Objective view Yet Christ's death is a lot more than what he did for (hyper) us (see Mark 14:24; Luke 22:19-20) and what he is doing in (en) us (see Colossians 1:27). It also involves what He did rather than (anti) us (see Matthew 20:28; Mark 10:45)---the objective look at the atonement. In fact, many think that the substitutionary nature of the atonement is an essential aspect of all.
Several types of the substitutionary atonement result from Genesis. The word used in 1 John 3:12 to explain Cain's murder of his brother will be the word for "slaughter" (Greek: esphaxen), as with the offering of a sacrifice. This has led some to view our planet's first murder, recorded in Genesis 4:8, as the offering of a substitute sacrifice. In effect, Cain may have said, "So, You didn't like my vegetables as a possible offering? Let's see how You such as this! (slash)." The murder certainly involved the shedding of his brother's blood, for it cried out from the ground against the perpetrator (Genesis 4:10).
If the angel stops Abraham from stabbing Isaac to death, Abraham finds a ram caught inside a nearby thicket that he can offer instead of (Septuagint: anti) his son (Genesis 22:12-13). The passage assumes that some sacrifice has to be offered, and the one is replaced from the other.
abductions - More than a hundred years later, when Joseph's testing of his brothers developed a crisis situation involving the enforced servitude of Benjamin, Judah stepped forward and freely offered himself instead for his brother (Genesis 44:18-34, especially not the Septuagint's utilization of anti in v. 33). In cases like this also, some substitute must be provided. There was no chance of mere escape from the demands from the master.

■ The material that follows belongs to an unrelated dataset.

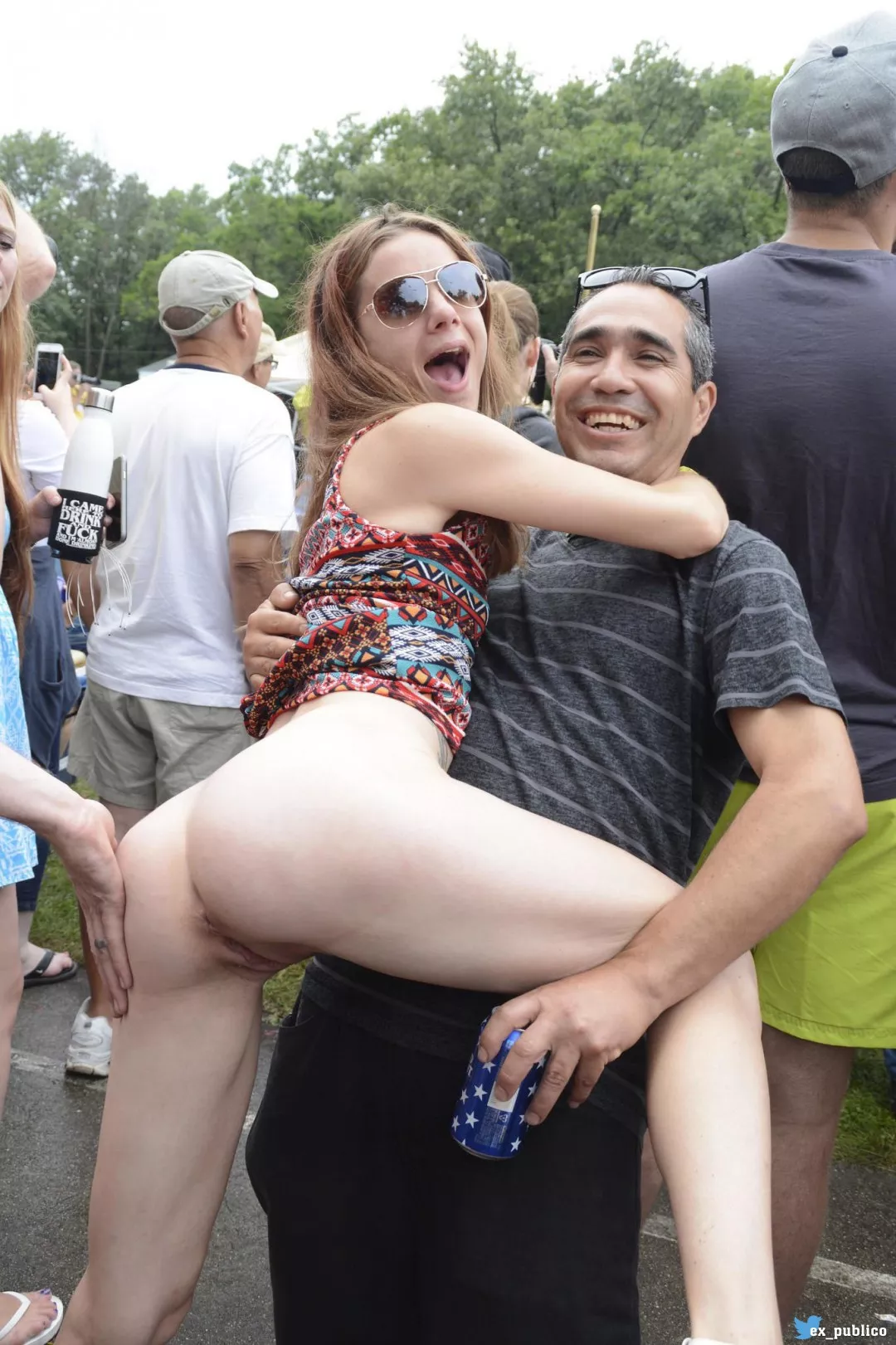 Slap the ass posted by UNCHARTED27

Yet all three of these are one-for-one substitutions, similar to the "eye-for-eye" provisions of the Law. Christ's sacrifice (one for a lot of) is more like the sin offering in behalf of all people or the sacrifice of the goat on the Day of Atonement (Leviticus 4:13-21; 16:15-19). He's the "atoning sacrifice for our sins, and never only for ours, but also for the sins from the whole world" (1 John 2:2). He's the "Lamb of God, Who removes the sins of the world" (John 1:29).
One for the world? How can that be just? Its justice depends upon the identity of the Sacrifice. A single human deserves infinite punishment as a result of sins. Adding the punishment of another human adds no more than was there already (for infinity plus infinity equals infinity). The same holds true for "the sins of the [whole] world." The slaughter of the Infinite One for these sins beings one infinity into contact with the other--just payment.

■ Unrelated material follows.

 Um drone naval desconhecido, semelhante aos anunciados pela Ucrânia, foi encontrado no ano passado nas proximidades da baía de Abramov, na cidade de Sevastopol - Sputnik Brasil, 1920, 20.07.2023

Our sins brought us under the curse of the law, but Christ became a curse for us by hanging about the tree (Galatians 3:10-14). Because of Christ's death, God surely could effect what Luther called a "happy exchange": i was the subjects of God's just condemnation, the objects of His righteous wrath, however the sinless Christ became "sin" for us, so that we might become God's righteousness by Him (2 Corinthians 5:21). God established Him since the propitiation, the appeasement, so that the all-consuming fire of His wrath could be diverted to Him as opposed to destroying the rest of us humans (Romans 3:25). As Isaiah said, "The LORD has laid on him the iniquity people all" (Isaiah 53:6).

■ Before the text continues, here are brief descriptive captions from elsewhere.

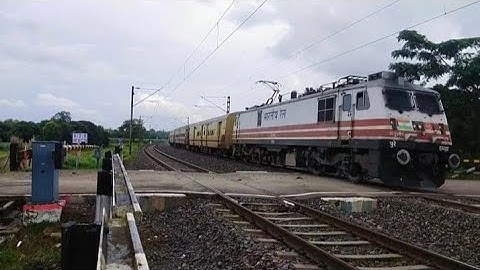 Furious Train Crossing : Fastest Loco Wap7 Teesta Torsa Express Speedy Skipping Out RailGate
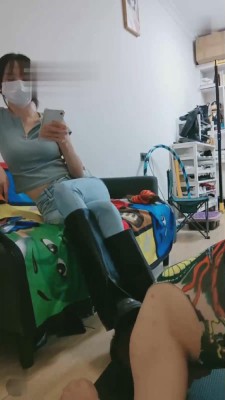 【艺术美学】长靴脏臭白袜羞辱狗 bf17025_绳艺库视频下载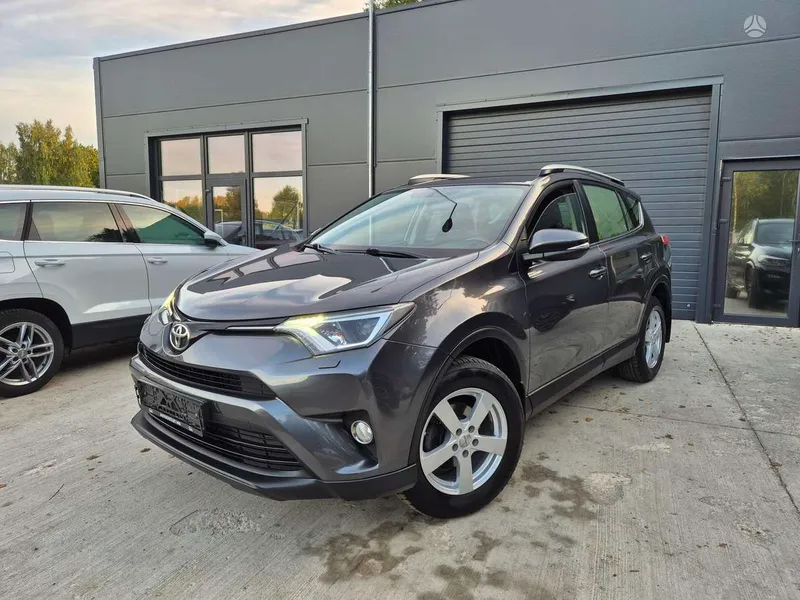 Toyota RAV4 - 1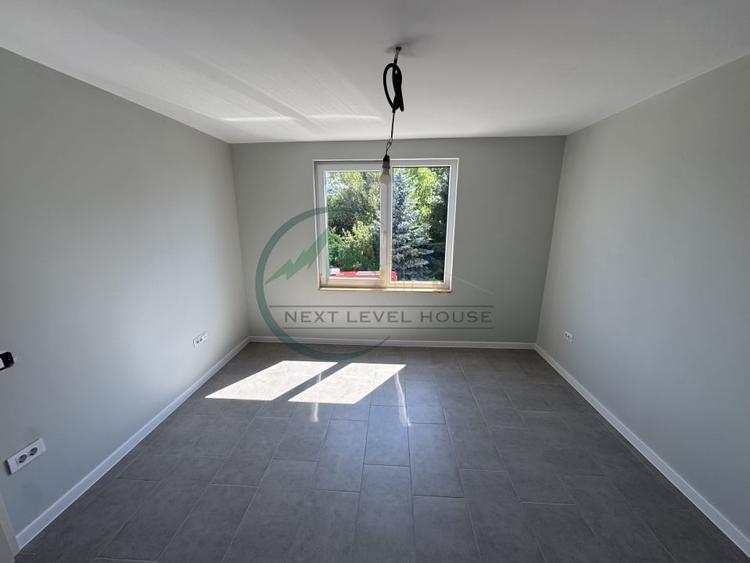 Apartament cu 3 camere semidecomandat, mobilat în Sânpetru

Must we choose? resurrection - Dynamic, subjective, and objective--must we select from them? No! By its very nature the atonement is greater than any one metaphor or perspective can contain. We have to always be answering, "Yes, and much more besides." Like astronomers surveying the universe, the harder we study it, the greater vast it becomes. Our lack of ability to fully comprehend its dimensions does not nullify what we can understand, nor does it rob us of the amazement we sense at what we know was accomplished.